There is an error in your schematic. The capacitor of the fase splitter grid should go to the anode of the penthode driver instead of Vb. Btw, I built something like this some 15 yrs ago with 10 pl519 s each channel. The sound was impressive but so was the heat. Good luck with your project!
 
I checked per your suggestion, but the cap does go to the anode. I just drew the schem a little weirdly LOL.
When you built your OTL did you run in triode mode or in pentode with constant screen voltage? I haven’t seen a lot of comparison between the two topologies. Most people stuck with triode strapped out of simplicity it seems.
 
Those OP valves are a bit close together, i think you'll need a fan blowing up from underneath. thermal design often gets neglected in amp design, i think you'll find that chassis will get very hot.

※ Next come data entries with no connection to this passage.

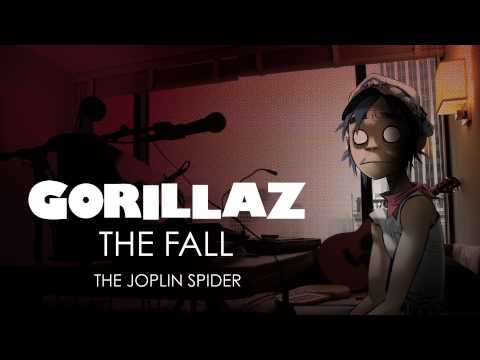 Youtube: Gorillaz - The Joplin Spider - The Fall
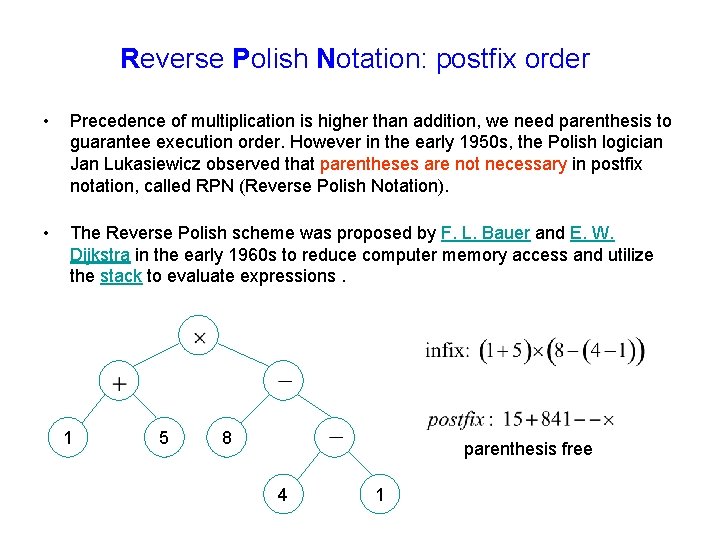 Reverse Polish Notation: postfix order • Precedence of multiplication is higher than addition, we Reverse Polish Notation: postfix order • Precedence of multiplication is higher than addition, we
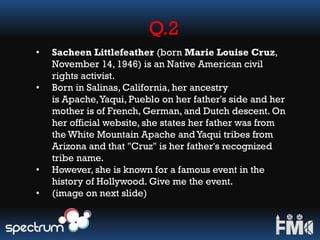 Q.2
• Sacheen Littlefeather (born Marie Louise Cruz,
November 14, 1946) is an Native American civil
rights activist.
• Born in Salinas, California, her ancestry
is Apache,Yaqui, Pueblo on her father's side and her
mother is of French, German, and Dutch descent. On
her official website, she states her father was from
the White Mountain Apache and Yaqui tribes from
Arizona and that "Cruz" is her father's recognized
tribe name.
• However, she is known for a famous event in the
history of Hollywood. Give me the event.
• (image on next slide)
 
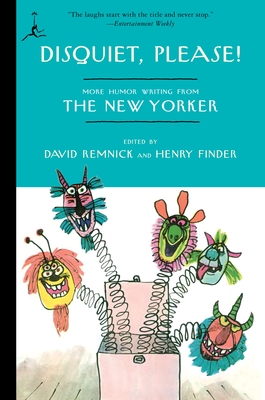 Disquiet, Please!: More Humor Writing from The New Yorker By David Remnick (Editor), Henry Finder (Editor) Cover Image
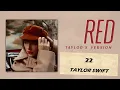 22 - Taylor Swift (Taylor’s Version) (lyrics)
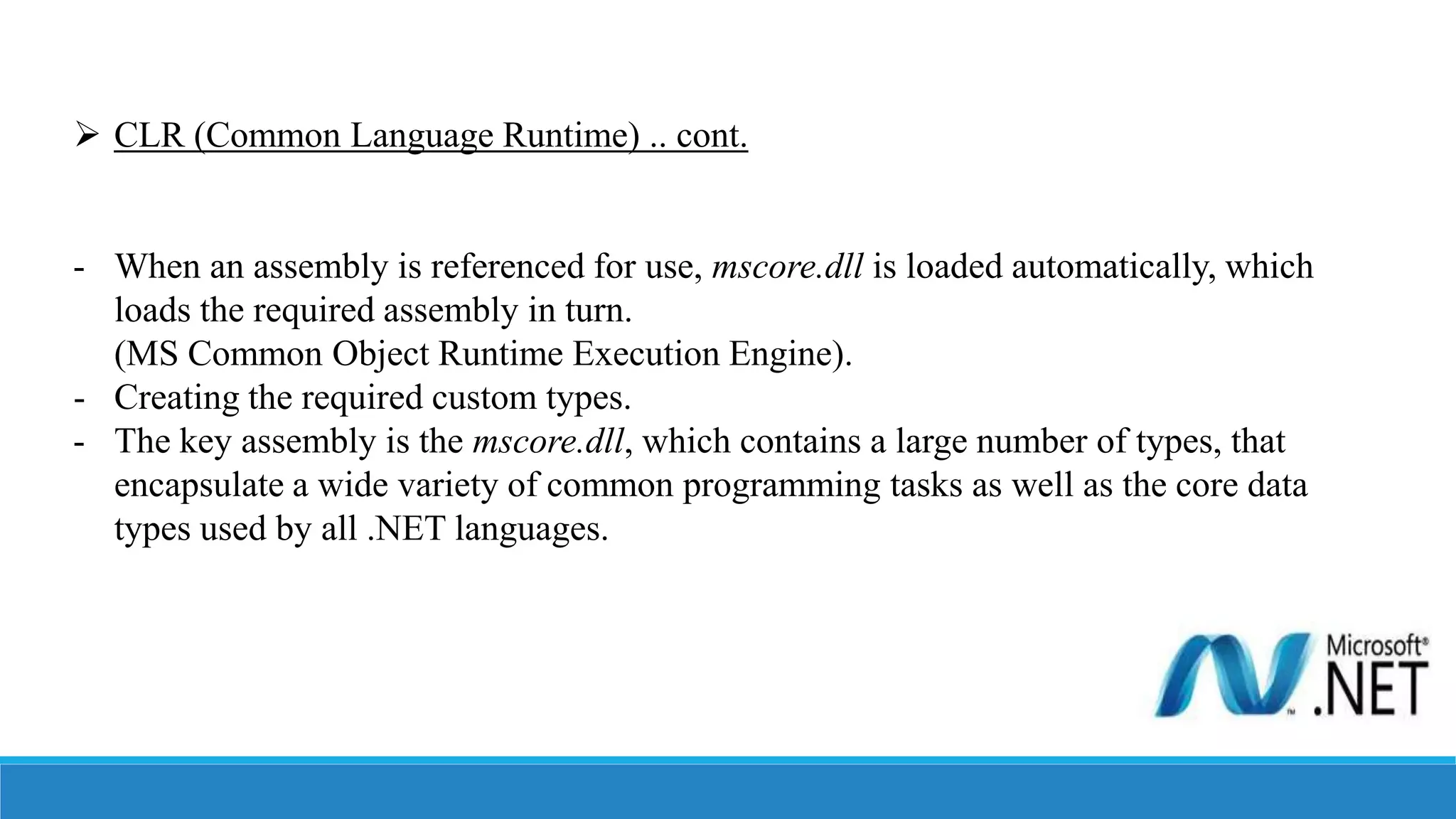  CLR (Common Language Runtime) .. cont.
- When an assembly is referenced for use, mscore.dll is loaded automatically, which
loads the required assembly in turn.
(MS Common Object Runtime Execution Engine).
- Creating the required custom types.
- The key assembly is the mscore.dll, which contains a large number of types, that
encapsulate a wide variety of common programming tasks as well as the core data
types used by all .NET languages.
 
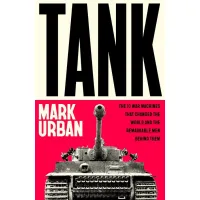 Tank. Mark Urban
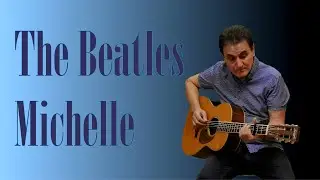 The Beatles - Michelle - Fingerstyle Guitar Cover by Enyedi S&aacute;ndor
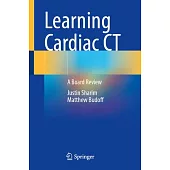 Learning Cardiac CT: A Board Review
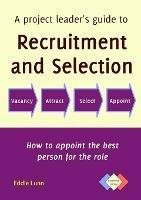 A Project Leader's Guide to Recruitment and Selection: How to Appoint the Best Person for the Role - Edward John Lunn - cover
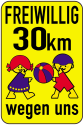 Kinderschild / Verkehrszeichen, FREIWILLIG 30 km wegen uns, 500 x 750 oder 650 x 1000 mm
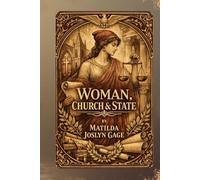 Woman, Church & State: A Classic Analysis of Religion, Power, and Women’s Rights by Matilda Joslyn Gage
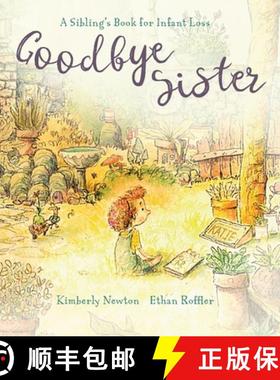 【3-4周达】Goodbye Sister: A sibling's book for infant loss [9798986877518]
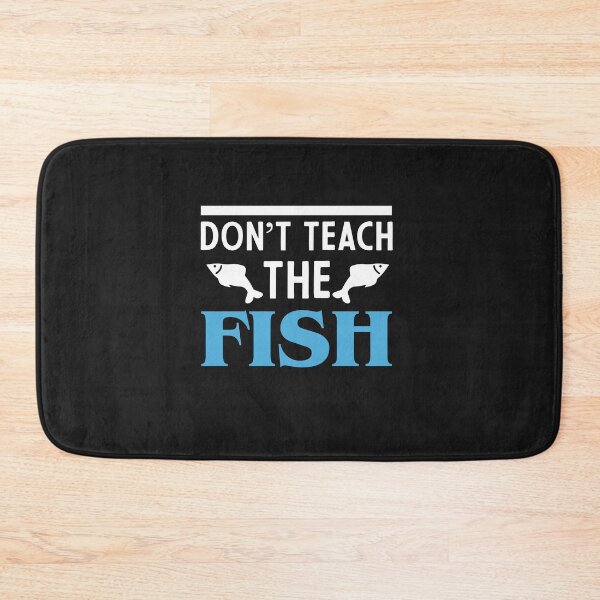 Item preview, don't teach the fish designed and sold by o2bshirt.
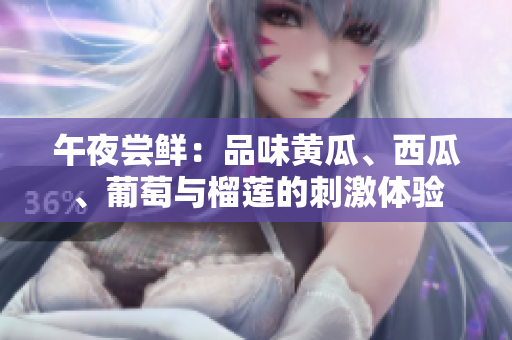 午夜尝鲜：品味黄瓜、西瓜、葡萄与榴莲的刺激体验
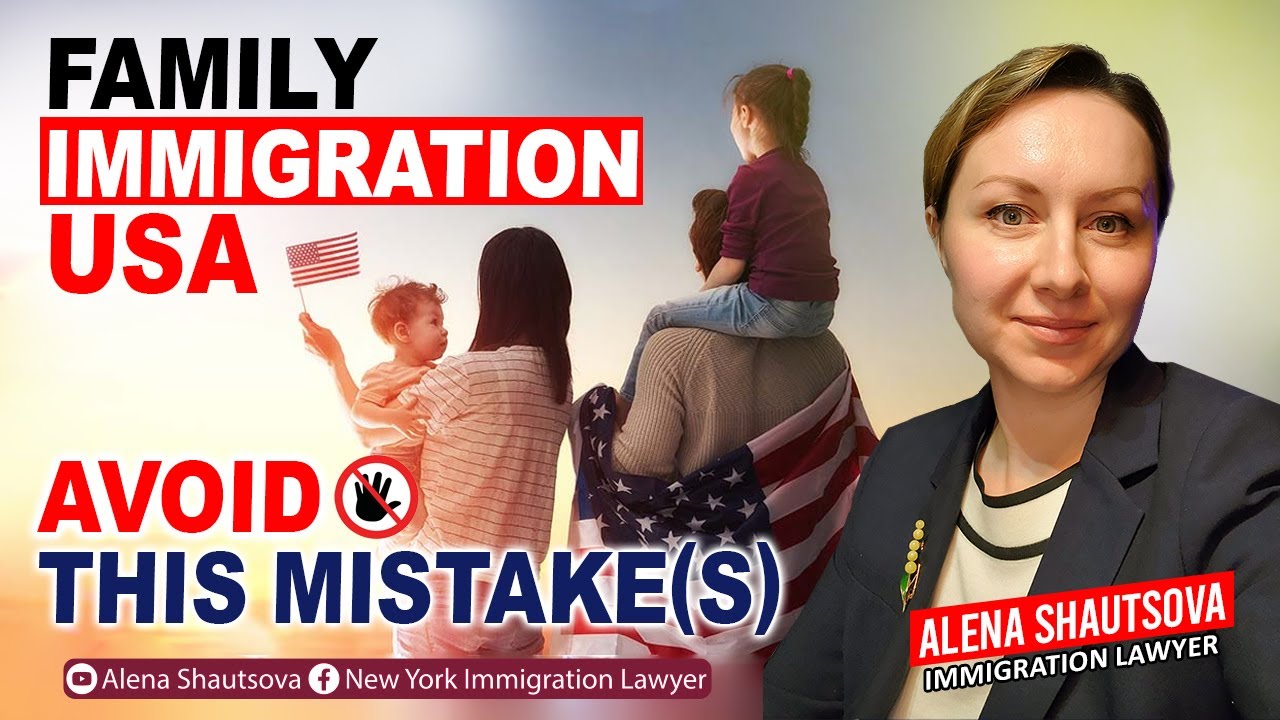 Frustrating Family Immigration Mistakes You Should Avoid! New York Immigration Lawyer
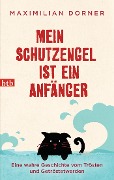 Cover-Bild zum Titel 'Mein Schutzengel ist ein Anfänger' von 'Maximilian Dorner'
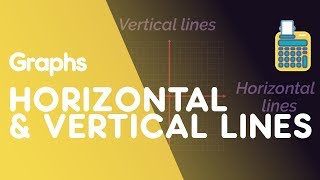 Horizontal amp Vertical Lines  Graphs  Maths  FuseSchool [upl. by Ebby744]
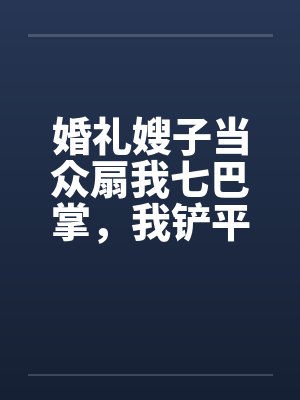 婚礼嫂子当众扇我七巴掌,我铲平了她的新房 婚礼嫂子当众扇我七巴掌,我铲平了她的新房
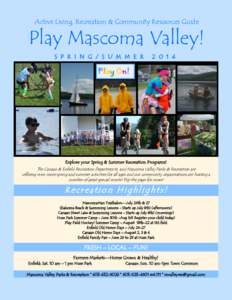 Active Living, Recreation & Community Resources Guide  Play Mascoma Valley! S P R I N G / S U M M E R[removed]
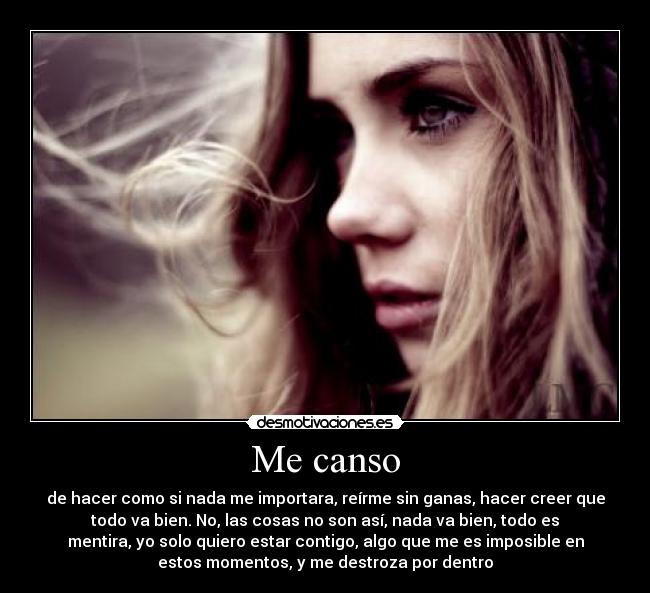Me canso - de hacer como si nada me importara, reírme sin ganas, hacer creer que
todo va bien. No, las cosas no son así, nada va bien, todo es
mentira, yo solo quiero estar contigo, algo que me es imposible en
estos momentos, y me destroza por dentro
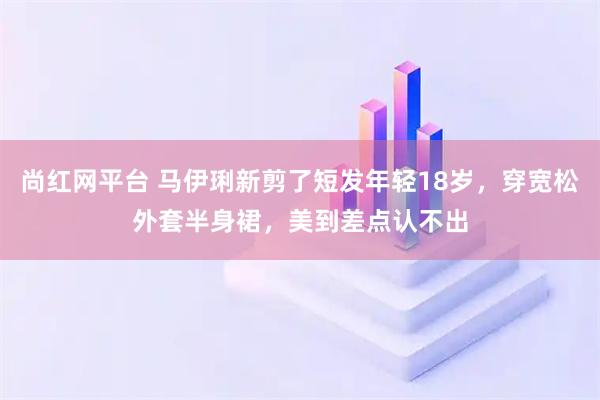 尚红网平台 马伊琍新剪了短发年轻18岁,穿宽松外套半身裙,美到差点认不出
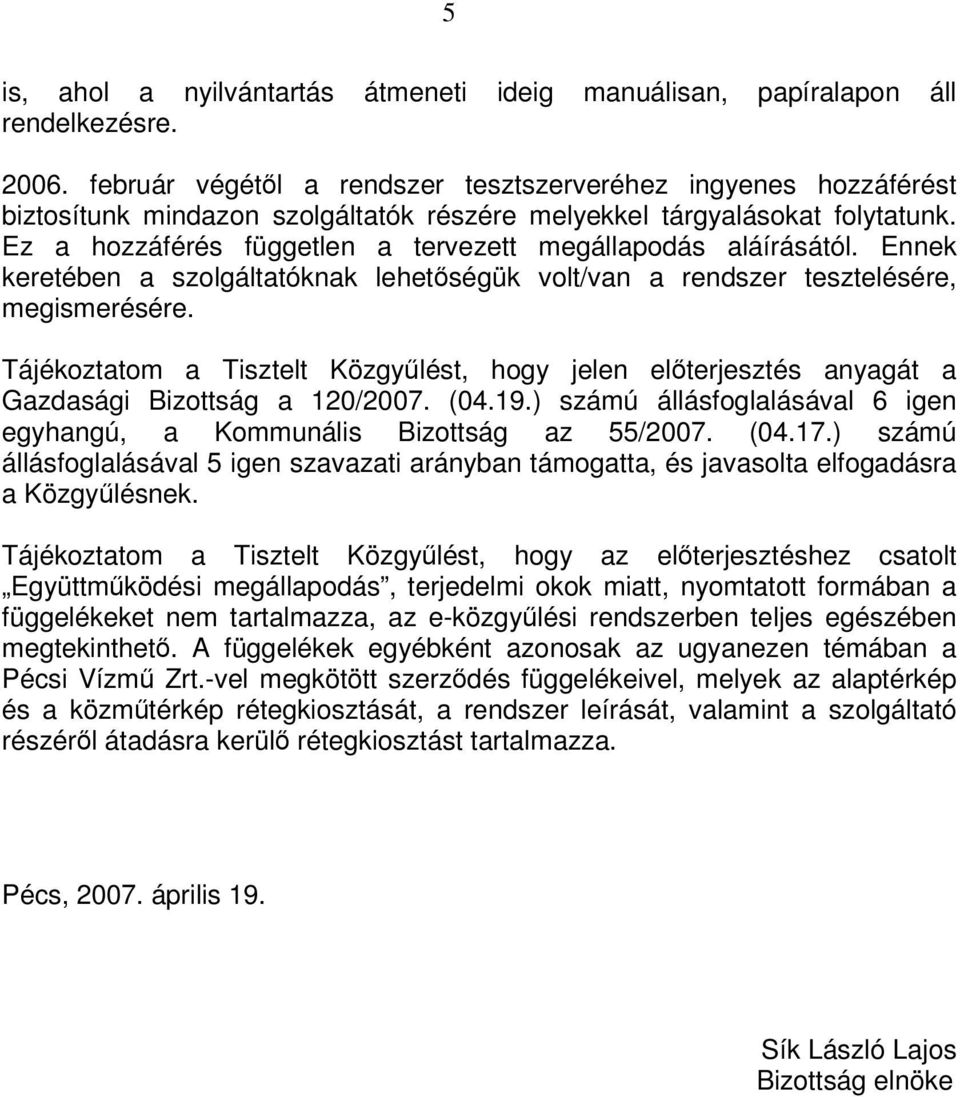 Ez a hozzáférés független a tervezett megállapodás aláírásától. Ennek keretében a szolgáltatóknak lehetségük volt/van a rendszer tesztelésére, megismerésére.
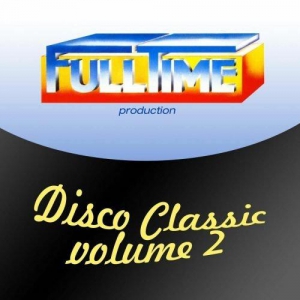  VA - Fulltime Production Disco Classic, Vol. 2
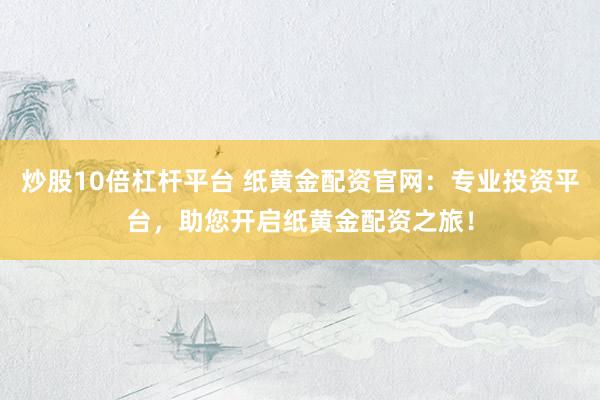 炒股10倍杠杆平台 纸黄金配资官网：专业投资平台，助您开启纸黄金配资之旅！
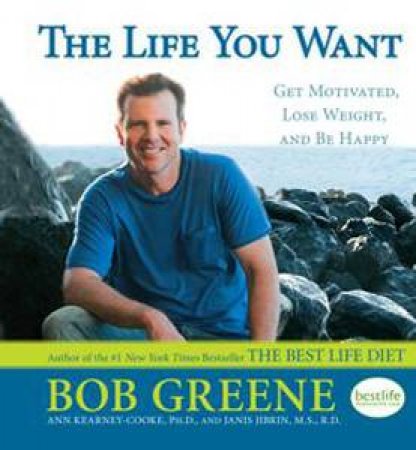The Life You Want by Bob Greene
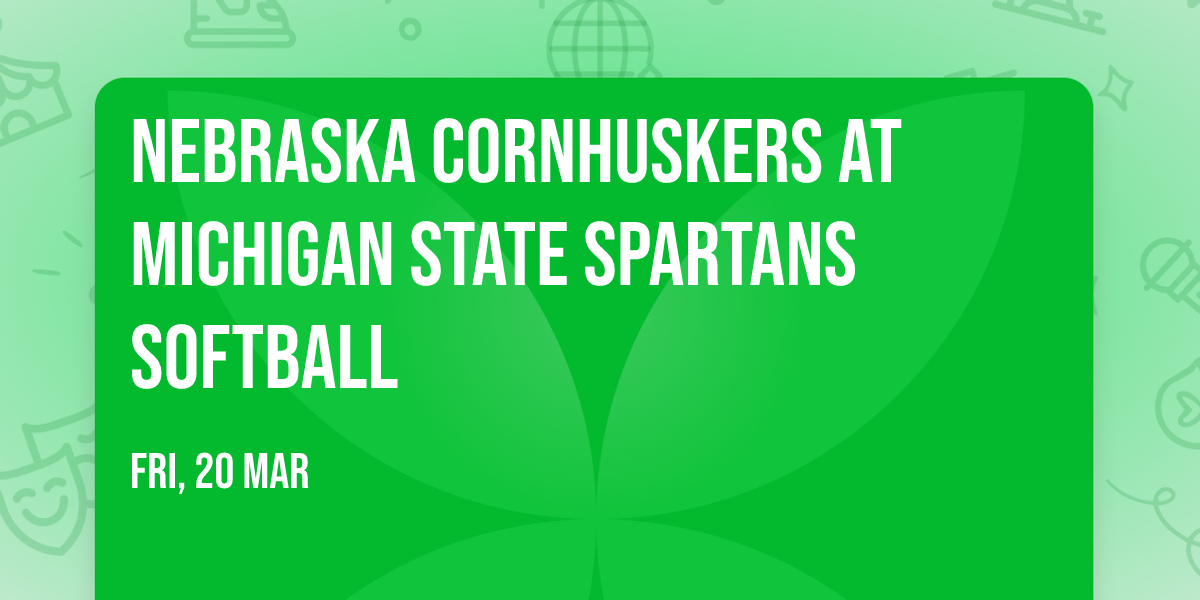 Nebraska Cornhuskers at Michigan State Spartans Softball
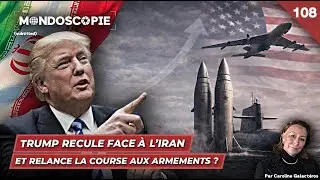 Trump recule face &agrave; l&rsquo;Iran et relance la course aux armements ? (Mondoscopie 108)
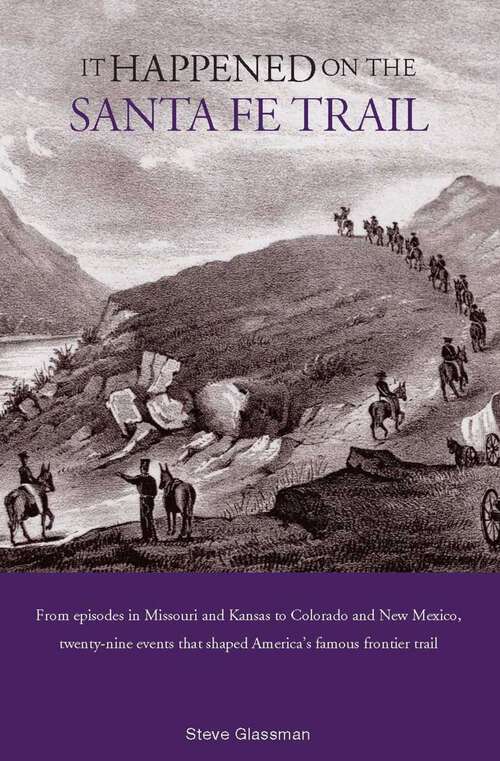 Book cover of It Happened on the Santa Fe Trail (1st Edition) (It Happened In Series)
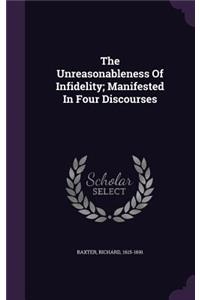 The Unreasonableness Of Infidelity; Manifested In Four Discourses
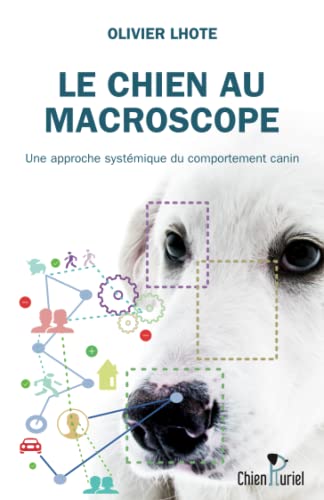 LE CHIEN AU MACROSCOPE: Une approche systémique du comportement canin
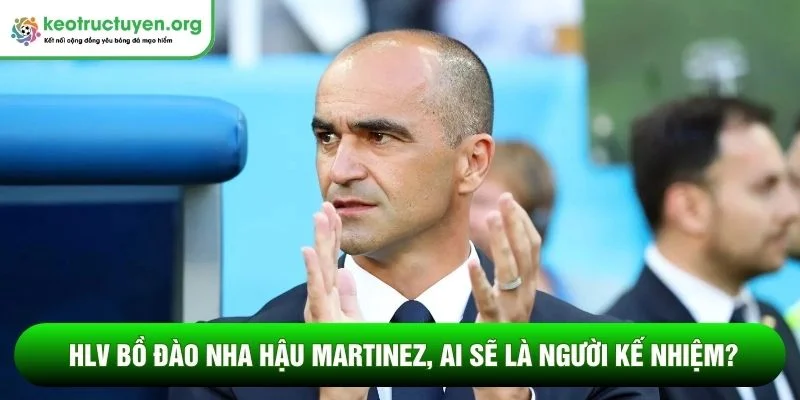 HLV Bồ Đào Nha hậu Martinez, ai sẽ là người kế nhiệm? HLV Bồ Đào Nha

Also be careful of fixing things in stone at this stage, you'll no doubt need to move things round a bit at some stage, layout is optimum with high gain power amps, stability can be lost very easily.

That said nice work so far, well done. Andy.
 
Mine is triode connected; Vb is 120v and each tube draws about 150ma. Two triode connected 6bm8 s each drive 5 power tubes. The schematic looks like yours: A srpp ecc83 direct coupled with an ecc82 fase splitter which is capacitor coupled with the cathode followers. Triode connected output tubes have a lower output impedance and that is very important for an otl; you need less feedback to lower Zout. Mine has almost none. Before this one I built an OTL with 6 penthode connected pl519 s which needed a large amount of nfb to make the sound bearable. The result was a flat sounding amp, lifeless, and that was the reason to build the other one.
John Broskie of tube cad journal has written a lot about otl s; highly recommended!
 
There is something wrong with the power supply.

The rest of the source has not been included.